Every line in the records below between the one holding "Fort Worth, Mapped in Navy & Gold" and the one holding "Classy Mock-Neck Blouse Top IY509", inclusive, is to be set down exactly; all other lines are to be left out.

━━━━━━━━━━

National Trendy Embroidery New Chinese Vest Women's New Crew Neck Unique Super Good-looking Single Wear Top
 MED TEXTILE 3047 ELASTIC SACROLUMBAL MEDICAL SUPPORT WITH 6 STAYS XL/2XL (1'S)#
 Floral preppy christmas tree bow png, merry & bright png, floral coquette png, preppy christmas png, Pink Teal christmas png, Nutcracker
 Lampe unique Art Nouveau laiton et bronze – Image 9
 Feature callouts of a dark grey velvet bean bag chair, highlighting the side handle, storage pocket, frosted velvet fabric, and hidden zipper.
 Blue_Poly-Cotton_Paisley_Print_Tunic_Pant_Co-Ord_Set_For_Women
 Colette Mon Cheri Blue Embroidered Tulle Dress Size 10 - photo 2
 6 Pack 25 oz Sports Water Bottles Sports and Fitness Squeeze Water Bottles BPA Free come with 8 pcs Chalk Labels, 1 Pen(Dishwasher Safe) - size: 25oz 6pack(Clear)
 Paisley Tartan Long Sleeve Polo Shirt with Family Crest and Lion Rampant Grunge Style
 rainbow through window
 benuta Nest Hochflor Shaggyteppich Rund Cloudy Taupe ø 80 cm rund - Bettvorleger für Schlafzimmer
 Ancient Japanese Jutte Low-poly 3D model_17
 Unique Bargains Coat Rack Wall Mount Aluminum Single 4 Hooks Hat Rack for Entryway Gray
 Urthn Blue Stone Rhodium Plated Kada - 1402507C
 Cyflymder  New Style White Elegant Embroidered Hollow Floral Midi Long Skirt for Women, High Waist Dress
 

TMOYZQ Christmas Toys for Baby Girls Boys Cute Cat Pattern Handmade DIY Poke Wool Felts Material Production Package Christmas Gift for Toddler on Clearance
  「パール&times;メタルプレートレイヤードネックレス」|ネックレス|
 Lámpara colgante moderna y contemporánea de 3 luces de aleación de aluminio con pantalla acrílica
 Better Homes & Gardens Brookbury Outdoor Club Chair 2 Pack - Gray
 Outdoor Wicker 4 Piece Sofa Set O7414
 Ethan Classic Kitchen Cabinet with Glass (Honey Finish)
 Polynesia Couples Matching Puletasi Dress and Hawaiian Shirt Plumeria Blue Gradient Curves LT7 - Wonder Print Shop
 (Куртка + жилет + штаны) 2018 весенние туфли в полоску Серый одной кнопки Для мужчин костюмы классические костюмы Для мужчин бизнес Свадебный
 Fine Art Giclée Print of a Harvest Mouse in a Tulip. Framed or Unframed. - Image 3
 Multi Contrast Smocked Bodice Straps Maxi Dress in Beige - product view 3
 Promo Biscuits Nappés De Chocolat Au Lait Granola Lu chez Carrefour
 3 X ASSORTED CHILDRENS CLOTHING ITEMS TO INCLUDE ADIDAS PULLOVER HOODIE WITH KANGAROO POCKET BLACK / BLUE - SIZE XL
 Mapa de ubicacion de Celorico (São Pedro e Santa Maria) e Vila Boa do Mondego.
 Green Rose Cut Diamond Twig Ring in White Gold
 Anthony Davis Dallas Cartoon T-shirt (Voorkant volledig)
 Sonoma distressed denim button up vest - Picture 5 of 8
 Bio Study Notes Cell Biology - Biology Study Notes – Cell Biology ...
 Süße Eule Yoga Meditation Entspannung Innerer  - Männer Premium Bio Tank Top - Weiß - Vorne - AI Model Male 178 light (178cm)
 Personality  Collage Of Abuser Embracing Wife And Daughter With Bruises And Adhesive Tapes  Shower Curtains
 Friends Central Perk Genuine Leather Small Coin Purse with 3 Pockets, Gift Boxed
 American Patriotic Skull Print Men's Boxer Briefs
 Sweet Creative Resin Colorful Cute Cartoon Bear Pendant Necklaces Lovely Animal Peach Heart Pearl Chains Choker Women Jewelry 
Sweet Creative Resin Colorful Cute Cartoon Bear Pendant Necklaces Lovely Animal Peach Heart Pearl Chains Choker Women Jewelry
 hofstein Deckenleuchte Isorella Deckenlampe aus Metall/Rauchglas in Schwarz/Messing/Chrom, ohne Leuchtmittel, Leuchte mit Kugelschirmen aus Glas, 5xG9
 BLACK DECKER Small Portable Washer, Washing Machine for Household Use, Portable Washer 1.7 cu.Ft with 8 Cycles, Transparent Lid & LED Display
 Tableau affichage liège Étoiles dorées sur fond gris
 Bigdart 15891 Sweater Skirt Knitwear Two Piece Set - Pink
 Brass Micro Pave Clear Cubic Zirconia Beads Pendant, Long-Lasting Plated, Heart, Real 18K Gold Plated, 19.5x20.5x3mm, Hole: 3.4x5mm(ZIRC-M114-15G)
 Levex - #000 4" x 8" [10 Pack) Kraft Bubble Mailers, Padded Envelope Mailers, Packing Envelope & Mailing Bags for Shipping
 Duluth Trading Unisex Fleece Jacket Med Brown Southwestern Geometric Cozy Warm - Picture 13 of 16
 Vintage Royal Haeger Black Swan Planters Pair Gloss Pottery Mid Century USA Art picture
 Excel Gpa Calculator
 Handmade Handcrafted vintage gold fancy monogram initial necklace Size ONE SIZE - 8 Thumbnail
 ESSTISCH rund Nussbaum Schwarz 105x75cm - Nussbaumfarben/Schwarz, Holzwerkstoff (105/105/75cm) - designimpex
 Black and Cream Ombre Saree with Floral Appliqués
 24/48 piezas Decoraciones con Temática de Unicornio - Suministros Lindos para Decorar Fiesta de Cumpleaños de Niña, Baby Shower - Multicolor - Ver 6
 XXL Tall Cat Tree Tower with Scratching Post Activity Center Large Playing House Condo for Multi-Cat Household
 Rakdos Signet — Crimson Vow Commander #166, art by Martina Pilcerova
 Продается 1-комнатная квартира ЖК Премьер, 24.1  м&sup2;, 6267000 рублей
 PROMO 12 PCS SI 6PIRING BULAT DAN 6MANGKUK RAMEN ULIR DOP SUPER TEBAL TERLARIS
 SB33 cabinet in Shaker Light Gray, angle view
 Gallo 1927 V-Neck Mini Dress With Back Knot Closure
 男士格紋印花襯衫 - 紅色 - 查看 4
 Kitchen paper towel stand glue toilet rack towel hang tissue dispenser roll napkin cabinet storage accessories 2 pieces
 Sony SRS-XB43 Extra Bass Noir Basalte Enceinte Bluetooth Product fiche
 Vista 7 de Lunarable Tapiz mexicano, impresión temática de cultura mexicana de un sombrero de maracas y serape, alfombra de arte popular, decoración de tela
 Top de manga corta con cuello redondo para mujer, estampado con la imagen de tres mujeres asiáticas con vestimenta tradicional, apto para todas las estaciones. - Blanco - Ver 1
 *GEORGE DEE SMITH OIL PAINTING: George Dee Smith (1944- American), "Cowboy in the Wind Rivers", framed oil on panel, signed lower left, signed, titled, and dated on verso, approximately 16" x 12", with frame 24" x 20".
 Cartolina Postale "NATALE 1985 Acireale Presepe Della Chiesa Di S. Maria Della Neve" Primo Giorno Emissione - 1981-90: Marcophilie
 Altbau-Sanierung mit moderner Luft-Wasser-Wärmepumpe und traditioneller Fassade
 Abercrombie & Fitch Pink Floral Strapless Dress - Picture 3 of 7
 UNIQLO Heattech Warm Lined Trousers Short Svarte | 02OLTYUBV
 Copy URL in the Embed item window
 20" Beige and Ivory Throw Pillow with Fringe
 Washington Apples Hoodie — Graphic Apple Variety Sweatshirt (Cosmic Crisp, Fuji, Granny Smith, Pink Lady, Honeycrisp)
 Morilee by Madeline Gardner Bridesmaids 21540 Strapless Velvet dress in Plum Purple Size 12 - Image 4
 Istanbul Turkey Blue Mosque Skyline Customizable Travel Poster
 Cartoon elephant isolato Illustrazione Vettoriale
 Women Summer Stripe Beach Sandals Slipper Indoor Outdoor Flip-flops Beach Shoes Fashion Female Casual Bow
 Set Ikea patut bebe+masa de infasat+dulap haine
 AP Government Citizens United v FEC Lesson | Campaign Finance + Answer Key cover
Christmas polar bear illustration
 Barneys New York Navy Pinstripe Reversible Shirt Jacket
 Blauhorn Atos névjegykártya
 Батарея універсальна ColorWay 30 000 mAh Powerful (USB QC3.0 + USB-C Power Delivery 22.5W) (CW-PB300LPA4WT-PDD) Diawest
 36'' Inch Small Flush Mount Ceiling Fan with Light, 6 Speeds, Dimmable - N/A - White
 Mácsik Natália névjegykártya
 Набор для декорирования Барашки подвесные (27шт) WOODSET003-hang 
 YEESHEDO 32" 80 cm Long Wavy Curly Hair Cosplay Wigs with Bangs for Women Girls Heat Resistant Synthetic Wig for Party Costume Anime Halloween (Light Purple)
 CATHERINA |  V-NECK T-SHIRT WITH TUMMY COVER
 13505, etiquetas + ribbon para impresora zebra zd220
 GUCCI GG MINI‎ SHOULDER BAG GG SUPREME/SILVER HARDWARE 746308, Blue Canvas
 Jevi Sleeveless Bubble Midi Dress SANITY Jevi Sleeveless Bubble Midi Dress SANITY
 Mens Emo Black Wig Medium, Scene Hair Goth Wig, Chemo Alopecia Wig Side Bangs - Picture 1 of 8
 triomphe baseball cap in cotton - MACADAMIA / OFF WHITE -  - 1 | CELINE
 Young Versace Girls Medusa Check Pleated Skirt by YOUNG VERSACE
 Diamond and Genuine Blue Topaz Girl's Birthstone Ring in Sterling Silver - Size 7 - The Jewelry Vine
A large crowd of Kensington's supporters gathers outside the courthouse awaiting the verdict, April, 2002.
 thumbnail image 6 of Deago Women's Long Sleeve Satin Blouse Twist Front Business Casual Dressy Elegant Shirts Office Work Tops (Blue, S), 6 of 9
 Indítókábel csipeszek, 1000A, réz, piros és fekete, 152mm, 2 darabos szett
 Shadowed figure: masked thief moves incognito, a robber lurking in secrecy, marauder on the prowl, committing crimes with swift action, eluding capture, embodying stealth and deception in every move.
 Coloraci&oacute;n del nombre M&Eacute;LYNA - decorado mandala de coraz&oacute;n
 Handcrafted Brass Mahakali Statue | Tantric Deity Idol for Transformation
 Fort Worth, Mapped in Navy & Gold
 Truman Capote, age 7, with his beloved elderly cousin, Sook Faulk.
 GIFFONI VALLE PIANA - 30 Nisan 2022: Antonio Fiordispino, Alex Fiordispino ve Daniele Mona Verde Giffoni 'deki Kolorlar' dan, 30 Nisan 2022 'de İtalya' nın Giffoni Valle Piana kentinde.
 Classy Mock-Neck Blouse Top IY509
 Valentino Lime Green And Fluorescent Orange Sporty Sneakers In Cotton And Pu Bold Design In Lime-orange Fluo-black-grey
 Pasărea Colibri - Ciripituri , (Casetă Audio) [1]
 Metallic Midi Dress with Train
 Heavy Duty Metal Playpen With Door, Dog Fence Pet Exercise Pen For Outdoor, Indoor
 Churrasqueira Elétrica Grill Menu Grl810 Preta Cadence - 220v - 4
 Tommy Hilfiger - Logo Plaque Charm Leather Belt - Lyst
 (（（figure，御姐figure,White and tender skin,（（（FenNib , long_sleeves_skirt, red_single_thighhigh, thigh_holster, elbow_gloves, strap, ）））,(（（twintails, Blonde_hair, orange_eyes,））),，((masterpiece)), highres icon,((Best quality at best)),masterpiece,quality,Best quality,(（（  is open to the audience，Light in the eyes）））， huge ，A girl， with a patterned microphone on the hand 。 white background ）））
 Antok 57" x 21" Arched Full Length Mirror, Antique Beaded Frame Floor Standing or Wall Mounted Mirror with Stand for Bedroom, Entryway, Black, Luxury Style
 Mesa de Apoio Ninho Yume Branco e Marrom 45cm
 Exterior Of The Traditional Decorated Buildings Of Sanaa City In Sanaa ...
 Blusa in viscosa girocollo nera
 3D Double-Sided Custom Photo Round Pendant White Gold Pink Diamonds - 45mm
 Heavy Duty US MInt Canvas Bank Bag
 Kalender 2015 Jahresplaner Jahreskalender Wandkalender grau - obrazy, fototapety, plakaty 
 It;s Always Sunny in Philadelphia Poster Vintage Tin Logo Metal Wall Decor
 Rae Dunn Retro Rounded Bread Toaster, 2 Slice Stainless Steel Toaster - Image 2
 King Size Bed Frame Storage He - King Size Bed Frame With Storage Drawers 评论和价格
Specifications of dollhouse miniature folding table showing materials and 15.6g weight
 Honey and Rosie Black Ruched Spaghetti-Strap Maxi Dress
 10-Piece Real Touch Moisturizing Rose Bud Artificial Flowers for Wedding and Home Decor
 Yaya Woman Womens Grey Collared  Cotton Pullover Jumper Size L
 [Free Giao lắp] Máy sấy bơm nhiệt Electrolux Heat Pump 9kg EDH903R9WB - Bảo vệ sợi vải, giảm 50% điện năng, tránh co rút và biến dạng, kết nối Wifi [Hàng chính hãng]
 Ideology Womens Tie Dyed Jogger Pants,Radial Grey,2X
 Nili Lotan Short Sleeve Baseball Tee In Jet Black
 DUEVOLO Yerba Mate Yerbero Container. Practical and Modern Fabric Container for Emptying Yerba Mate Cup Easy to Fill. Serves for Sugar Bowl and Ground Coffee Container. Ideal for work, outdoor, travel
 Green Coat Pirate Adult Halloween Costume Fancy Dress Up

━━━━━━━━━━

- [Answer below]
 Fort Worth, Mapped in Navy & Gold
 Truman Capote, age 7, with his beloved elderly cousin, Sook Faulk.
 GIFFONI VALLE PIANA - 30 Nisan 2022: Antonio Fiordispino, Alex Fiordispino ve Daniele Mona Verde Giffoni 'deki Kolorlar' dan, 30 Nisan 2022 'de İtalya' nın Giffoni Valle Piana kentinde.
 Classy Mock-Neck Blouse Top IY509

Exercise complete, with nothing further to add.